[WORK ORDER]: The required lines are those that contain "show"; pull them out of the data and copy them.

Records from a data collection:

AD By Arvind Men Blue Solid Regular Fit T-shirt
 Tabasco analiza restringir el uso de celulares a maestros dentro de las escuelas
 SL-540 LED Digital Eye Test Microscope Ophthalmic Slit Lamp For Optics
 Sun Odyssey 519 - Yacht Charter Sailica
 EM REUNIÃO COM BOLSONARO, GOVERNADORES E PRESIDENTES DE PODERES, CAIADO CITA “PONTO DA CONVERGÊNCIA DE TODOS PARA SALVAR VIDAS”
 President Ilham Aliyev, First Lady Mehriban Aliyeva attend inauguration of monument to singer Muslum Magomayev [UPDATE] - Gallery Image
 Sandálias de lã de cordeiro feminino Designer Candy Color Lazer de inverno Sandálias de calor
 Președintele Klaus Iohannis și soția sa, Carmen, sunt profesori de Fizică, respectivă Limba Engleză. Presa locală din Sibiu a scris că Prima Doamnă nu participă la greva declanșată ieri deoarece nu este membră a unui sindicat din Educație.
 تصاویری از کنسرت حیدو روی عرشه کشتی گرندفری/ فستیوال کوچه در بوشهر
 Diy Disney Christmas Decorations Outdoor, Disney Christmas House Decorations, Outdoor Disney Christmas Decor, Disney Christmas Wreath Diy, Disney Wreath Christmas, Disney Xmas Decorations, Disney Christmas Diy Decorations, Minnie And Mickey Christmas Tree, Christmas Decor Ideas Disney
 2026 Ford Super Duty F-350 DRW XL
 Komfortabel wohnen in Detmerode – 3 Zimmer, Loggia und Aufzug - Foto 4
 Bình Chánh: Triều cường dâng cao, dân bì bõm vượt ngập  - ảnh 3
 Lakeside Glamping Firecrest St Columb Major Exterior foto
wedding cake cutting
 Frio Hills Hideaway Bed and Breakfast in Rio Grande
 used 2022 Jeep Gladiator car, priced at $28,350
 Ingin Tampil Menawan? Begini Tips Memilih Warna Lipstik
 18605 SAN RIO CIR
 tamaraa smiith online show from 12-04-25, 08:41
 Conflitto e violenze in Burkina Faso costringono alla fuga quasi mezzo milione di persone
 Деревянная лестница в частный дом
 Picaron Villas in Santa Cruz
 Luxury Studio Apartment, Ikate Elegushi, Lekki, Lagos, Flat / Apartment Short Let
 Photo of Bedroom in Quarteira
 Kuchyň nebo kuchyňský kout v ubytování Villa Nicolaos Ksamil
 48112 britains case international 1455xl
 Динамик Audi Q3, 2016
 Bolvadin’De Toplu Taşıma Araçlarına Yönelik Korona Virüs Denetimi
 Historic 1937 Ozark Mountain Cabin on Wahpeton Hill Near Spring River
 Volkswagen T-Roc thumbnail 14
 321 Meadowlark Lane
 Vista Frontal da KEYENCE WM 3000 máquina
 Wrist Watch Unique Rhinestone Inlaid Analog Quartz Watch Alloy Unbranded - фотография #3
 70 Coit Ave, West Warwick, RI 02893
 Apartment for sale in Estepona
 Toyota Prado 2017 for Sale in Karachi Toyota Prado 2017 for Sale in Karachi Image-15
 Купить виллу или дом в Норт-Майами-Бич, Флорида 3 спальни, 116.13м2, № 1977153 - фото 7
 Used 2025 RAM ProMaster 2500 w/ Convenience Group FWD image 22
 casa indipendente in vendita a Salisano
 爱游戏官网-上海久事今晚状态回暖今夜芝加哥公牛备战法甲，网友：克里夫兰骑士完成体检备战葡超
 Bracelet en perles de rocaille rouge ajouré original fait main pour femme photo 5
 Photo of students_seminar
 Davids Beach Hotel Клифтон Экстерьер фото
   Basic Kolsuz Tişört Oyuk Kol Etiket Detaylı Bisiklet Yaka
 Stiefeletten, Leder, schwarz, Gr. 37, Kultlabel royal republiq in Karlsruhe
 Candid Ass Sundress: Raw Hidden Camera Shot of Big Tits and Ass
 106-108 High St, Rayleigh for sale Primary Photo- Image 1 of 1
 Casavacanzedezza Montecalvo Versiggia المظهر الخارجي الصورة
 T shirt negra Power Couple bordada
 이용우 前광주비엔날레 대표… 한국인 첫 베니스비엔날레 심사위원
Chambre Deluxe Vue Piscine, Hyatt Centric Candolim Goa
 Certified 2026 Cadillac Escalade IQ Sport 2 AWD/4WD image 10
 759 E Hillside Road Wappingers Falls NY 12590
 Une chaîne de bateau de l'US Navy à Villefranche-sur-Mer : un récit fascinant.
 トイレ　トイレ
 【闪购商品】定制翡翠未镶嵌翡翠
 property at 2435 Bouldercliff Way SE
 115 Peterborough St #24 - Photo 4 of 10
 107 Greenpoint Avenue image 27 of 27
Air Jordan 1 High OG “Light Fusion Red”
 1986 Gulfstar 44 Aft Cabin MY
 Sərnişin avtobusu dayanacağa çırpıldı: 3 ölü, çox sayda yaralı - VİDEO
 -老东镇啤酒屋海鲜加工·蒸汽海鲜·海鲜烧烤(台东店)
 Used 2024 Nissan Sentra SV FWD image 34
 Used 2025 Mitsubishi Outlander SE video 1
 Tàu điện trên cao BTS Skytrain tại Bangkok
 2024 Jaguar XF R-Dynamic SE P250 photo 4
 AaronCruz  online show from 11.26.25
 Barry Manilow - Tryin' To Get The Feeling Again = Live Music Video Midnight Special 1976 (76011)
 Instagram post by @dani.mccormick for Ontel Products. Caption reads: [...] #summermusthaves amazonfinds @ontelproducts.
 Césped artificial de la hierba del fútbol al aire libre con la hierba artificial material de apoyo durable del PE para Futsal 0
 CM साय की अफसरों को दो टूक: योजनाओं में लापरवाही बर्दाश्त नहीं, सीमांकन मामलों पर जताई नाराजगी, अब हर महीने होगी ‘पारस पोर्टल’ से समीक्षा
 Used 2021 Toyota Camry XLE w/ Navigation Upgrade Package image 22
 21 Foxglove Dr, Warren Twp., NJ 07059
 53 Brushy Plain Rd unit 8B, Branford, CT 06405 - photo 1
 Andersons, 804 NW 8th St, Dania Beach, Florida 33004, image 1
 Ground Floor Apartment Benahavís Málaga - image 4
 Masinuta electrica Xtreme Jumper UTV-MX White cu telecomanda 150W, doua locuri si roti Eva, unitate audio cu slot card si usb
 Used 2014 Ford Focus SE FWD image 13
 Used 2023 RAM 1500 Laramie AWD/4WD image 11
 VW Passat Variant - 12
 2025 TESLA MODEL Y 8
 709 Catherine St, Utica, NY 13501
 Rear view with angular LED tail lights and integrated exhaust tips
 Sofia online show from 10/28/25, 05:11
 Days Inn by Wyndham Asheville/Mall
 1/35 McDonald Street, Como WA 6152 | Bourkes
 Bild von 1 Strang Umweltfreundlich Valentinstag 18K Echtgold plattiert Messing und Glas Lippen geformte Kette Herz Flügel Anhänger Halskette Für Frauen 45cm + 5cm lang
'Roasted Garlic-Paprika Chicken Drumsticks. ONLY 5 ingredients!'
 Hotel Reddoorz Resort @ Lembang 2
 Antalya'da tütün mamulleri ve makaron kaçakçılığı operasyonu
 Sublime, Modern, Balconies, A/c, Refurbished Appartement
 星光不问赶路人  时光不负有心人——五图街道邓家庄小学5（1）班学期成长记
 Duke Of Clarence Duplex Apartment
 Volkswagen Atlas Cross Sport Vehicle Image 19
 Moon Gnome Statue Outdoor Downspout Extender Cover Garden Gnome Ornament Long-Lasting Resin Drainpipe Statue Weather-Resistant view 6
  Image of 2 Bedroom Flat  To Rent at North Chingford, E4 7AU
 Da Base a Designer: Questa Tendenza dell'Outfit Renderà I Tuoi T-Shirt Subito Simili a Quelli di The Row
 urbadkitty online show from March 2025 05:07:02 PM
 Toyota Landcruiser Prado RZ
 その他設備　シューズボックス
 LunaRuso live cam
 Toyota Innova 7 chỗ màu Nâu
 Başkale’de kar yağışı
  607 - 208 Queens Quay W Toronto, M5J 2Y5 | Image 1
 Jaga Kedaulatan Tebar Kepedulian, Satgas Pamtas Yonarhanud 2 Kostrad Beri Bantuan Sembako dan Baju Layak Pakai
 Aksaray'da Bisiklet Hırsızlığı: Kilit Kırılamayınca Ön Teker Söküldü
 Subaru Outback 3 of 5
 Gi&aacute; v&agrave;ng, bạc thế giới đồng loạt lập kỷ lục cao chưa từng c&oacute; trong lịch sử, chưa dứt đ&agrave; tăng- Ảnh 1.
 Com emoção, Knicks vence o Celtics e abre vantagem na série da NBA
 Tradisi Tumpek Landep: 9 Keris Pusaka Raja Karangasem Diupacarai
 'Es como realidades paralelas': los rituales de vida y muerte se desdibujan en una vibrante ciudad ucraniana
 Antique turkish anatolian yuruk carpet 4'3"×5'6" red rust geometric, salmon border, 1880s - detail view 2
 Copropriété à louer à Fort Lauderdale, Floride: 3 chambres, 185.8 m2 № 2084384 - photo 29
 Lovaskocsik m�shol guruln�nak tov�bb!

[RESPONSE AREA]:
 tamaraa smiith online show from 12-04-25, 08:41
 AaronCruz  online show from 11.26.25
 Sofia online show from 10/28/25, 05:11
 urbadkitty online show from March 2025 05:07:02 PM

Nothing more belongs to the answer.